Violinist Isabelle van Keulen is one of Holland’s most gifted chamber players, while the Dutch pianist Ronald Brautigam is world-famed for his mastery of the fortepiano, and their joint recital aroused great expectations.
These were more than a little dashed, however, by the work with which they began. In Beethoven’s ‘Spring’ sonata, violin and piano are evenly balanced in importance, but the greater intricacy of the piano’s figurations reflects the composer’s predilection for his own instrument: the way it came over here, it felt like a piano sonata with violin accompaniment.
But despite Brautigam’s forceful and elegantly expressive playing, this imbalance wasn’t his fault: van Keulen’s sound simply merged with the wallpaper, lacking focus and colour, and betraying no awareness of the limpid sincerity implicit in her instrument’s melodic lines.

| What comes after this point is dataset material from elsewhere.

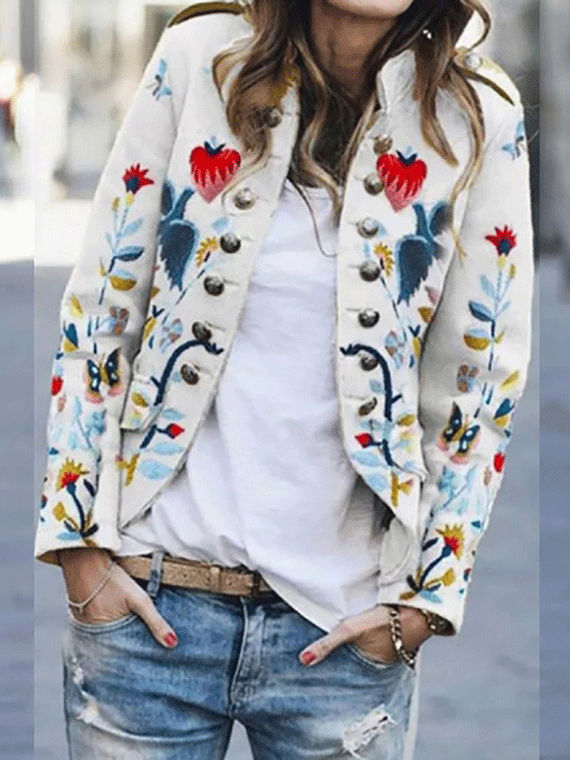 Women's Jackets Lapel Printed Long Sleeve Slim Casual Jacket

In performance terms, things looked up dramatically with their next work, Poulenc’s Violin Sonata, whose history is interesting. Poulenc wrote this between 1940 and 1943 and dedicated it to the memory of the homosexual poet Federico Garcia Lorca, who had been murdered by Franco’s Falangists in 1936; its Intermezzo is headed by Lorca’s line, ‘The guitar makes dreams weep’.
Ten years after its completion, Poulenc went on record as regretting the ‘artificial pathos’ of this work, which he declared a ‘failure’. Gerald Larner’s illuminating programme-note talks politely of ‘stylistic and structural anomalies’, but I think Poulenc was right: while the Intermezzo is blandly unexceptionable, the outer movements are mere sound and fury signifying nothing.
Moreover, it’s brazenly derivative in its quoting of the ‘Letter Song’ from Tchaikovsky’s Eugene Onegin, and its lurches into Spanish folk dance are too truncated to have any impact. These players made the best of it, giving it better advocacy than it deserved.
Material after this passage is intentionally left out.